Dalam kasus di Atlantis Kelapa Gading pada 2017, tatkala ratusan pria yang dianggap terlibat “pesta gay” dijejerkan tanpa busana, foto-fotonya menyebar dan bermain dalam opini publik untuk mendorong kebencian terhadap kelompok LGBT.
“Itu jelas-jelas pelanggaran hukum dan hak asasi manusia," ujar Muhammad Isnur, Ketua Bidang Advokasi Yayasan Lembaga Bantuan Hukum Indonesia, kepada Tirto. "Polisi seperti mencari kesalahan-kesalahan yang sebetulnya tidak ada dan di KUHAP [Kitab Undang-undang Hukum Acara Pidana] pun juga tidak dimuat. Menyebarkan foto korban, selain tidak manusiawi, juga mendorong munculnya hate speech di kalangan masyarakat, yang ditujukan pada kelompok LGBT.”

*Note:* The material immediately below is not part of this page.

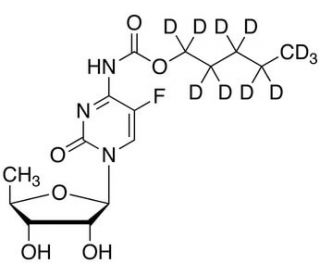 Capecitabine-d11 (CAS 1132662-08-8) - chemical structure image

Kabidhumas Polda Metro Jaya Argo Yuwono saat ditanya Tirto mengenai beredarnya foto ratusan pengunjung Atlantis tanpa busana, justru menjawab, “Apakah ada bukti kalau yang sebarkan kepolisian?” Saat Tirto bertanya lagi bagaimana prosedur dan mekanisme kepolisian mengenai kasus Atlantis, ia menjawab: “Mohon maaf, saya sedang ada kunjungan polisi dari Taiwan.”
Indonesia telah meratifikasi kovenan internasional tentang hak-hak sipil dan politik lewat UU No. 12 tahun 2005. Konsekuensinya, Indonesia menjunjung tinggi pemenuhan HAM lewat hak kemerdekaan, kewarganegaraan, kedudukan yang sama di mata hukum, pekerjaan, berserikat dan berkumpul, hingga hak untuk mendapatkan kehidupan yang layak.
Apa yang terjadi pada kelompok LGBT di Indonesia dalam beberapa tahun terakhir mengabaikan konstitusi tersebut. Bukannya melindungi, negara turut berperan mendorong kebencian terhadap LGBT.
“Kita harus punya strategi lain, selain memperkuat civil society, dalam memperjuangkan pemenuhan hak-hak kelompok minoritas,” ujar Lini Zurlia dari ASEAN SOGIE Caucus, lembaga nirlaba yang berpusat di Manila dan berfokus pada isu-isu LGBTIQ. “Kerjanya memang berat. Harus pelan-pelan biar napasnya panjang.”